Being good to yourself and others.
Not putting up with relationship bullshit...and letting go of the things that tied you to them. Most of it was in reference to inexcusable behaviors and emotional baggage, but it got me thinking about the more tangible things that are left behind as well when we decide that we're calling it quits.

Former boyfriends still have things of mine - DVDs, books, even a favorite bra that never came home (gone but not forgotten). I'm still sad about those DVDs. (Don't accept a DVD loan if your intent is to break up with the person! It's just mean!) Argh. Once the relationship is over, I tend to bin the wreckage - I barely have room for my stuff, much less my stuff and yours, ex-boyfriends. It's not like I set that shit on fire, a la Waiting to Exhale, but I throw it out.
(Boom. Bitch. Burn.)

For reasons inexplicable, I can't get rid of the T-shirt P gave me for my last birthday, or the chapstick he pressed into my hand the last time I saw him. He loved to give me stuff from the store where he works. There is no logical explanation for why these things remain. I've disposed of the photos, the letters and emails, blocked any incoming email, deleted his number and got rid of "our stuff." I can't wear the shirt. It's buried in the back of the bottom drawer. It was a token of love, a remembrance of an inside joke from someone who doesn't want to remember they loved me. Maybe it's a bad joke now. I don't want him back. I don't think I want to really ever see him again. Why keep it? I loved the shirt when he gave it to me. It's such a mixed memory now. Perhaps I worry that no man will ever love me enough to give me a T-shirt again. Sometimes I am so pathetic it hurts. The chapstick I keep because it's actually super high quality and my lips get all sorts of jacked up in wintertime.

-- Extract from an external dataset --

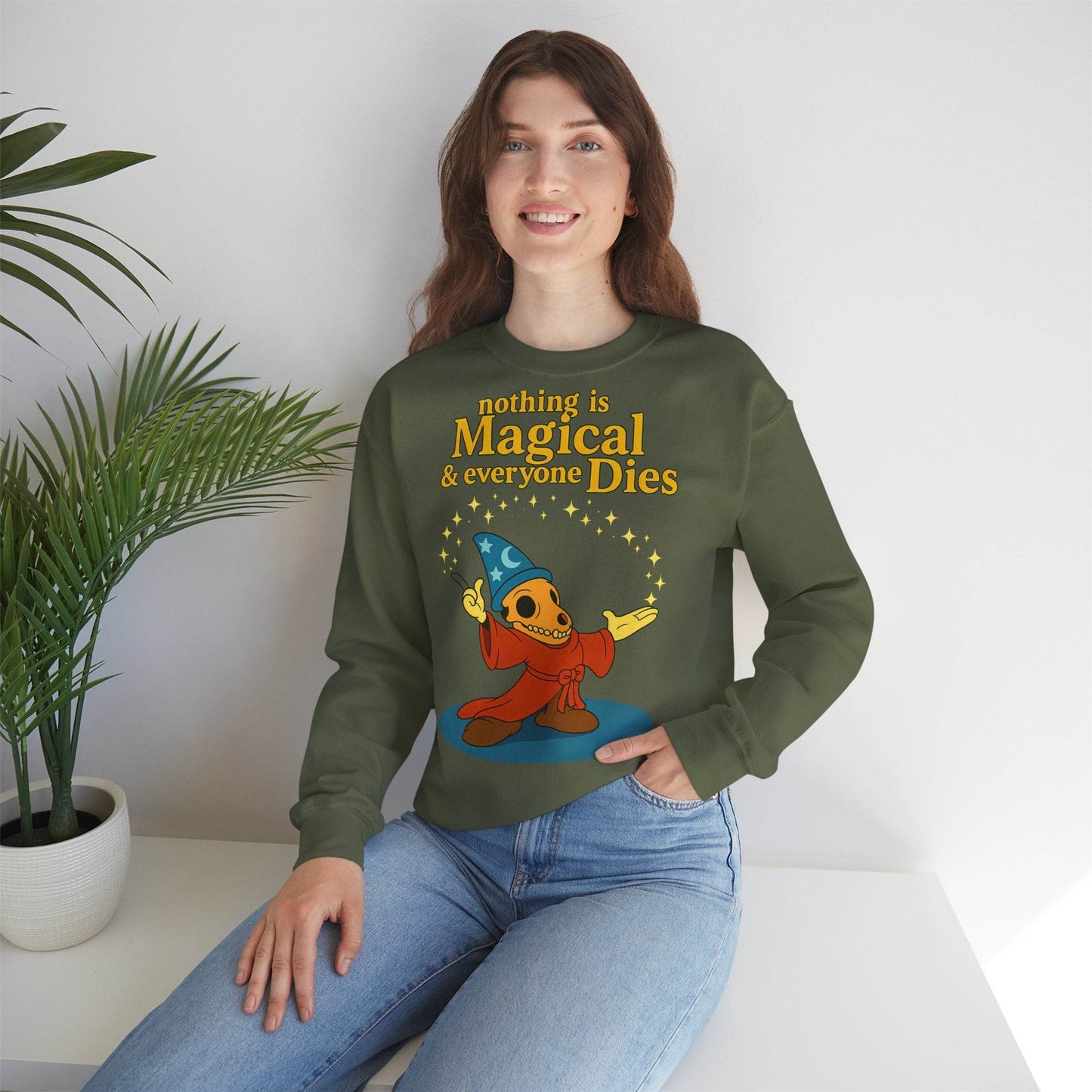 Sweatshirt – "Nothing is Magical – & everyone Dies | Satirisches Skelett-Motiv für Schwarzseher mit Humor" | True Insights Design mit Humor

I had a similar situation a few years back with D. This time it was a ring, (Before you gasp and clutch your pearls, it was not that type of ring! I would have mentioned something in the previous post!) a lovely little silver bobble with a small purple stone in the middle. Because D travelled all the time for work, a lot of our relationship played out over the phone as he galivanted around place to place. The day I got it, we were on the phone as I browsed through the Portobello Road market - "street where the riches of ages are sold." It's the prime place for knick-knacks and trinkets in London and I love it. So D and I were talking, and he'd been telling me he'd just seen a lady who looked exactly like me - which happens quite frequently - but this lady was apparently black, which never happens. Neither of us had a camera phone! To this day I wonder about her.... Anyway, I approached a little jewelry stand and instantly picked up the ring. I told him I'd just found the best little ring that fit my crazy fingers and it was only 5 quid! He sweetly said "I wish I was there to buy it for you." And I, like a goon, just melted. We'd talked about marriage oh-so-briefly. Like fleeting, blink-and-you'll miss that he just mentioned marrying me. So that was our ring. When D up and vanished a few months later (he didn't die or anything. That was my first thought. But no, his GChat and Facebook was still running, so he wasn't dead, he just didn't want to be my boyfriend anymore and didn't have the stones to say so) I looked at the ring with loathing. It was a symbol of something that had failed really spectacularly. Or was never true to begin with. I remember standing by the Thames and rolling it back and forth in my fingers, and considered tossing it dramatically (like Maverick throws Goose's dogtags in Top Gun) into the water.
I looked down at the ring and didn't really want to let it go. It wasn't the ring's fault D was such a D-Bag (hahaha....burn). I liked the ring. Purple looks nice on me. So I pocketed it, and put it somewhere I wouldn't have to think about it, or the man who'd insinuated it was a precursor to something more. A long time passed until I pulled that ring out again, but when I wore it, it didn't hurt anymore. It didn't look or feel like failure. It looked like a beautiful ring that I got for a steal in my favorite marketplace.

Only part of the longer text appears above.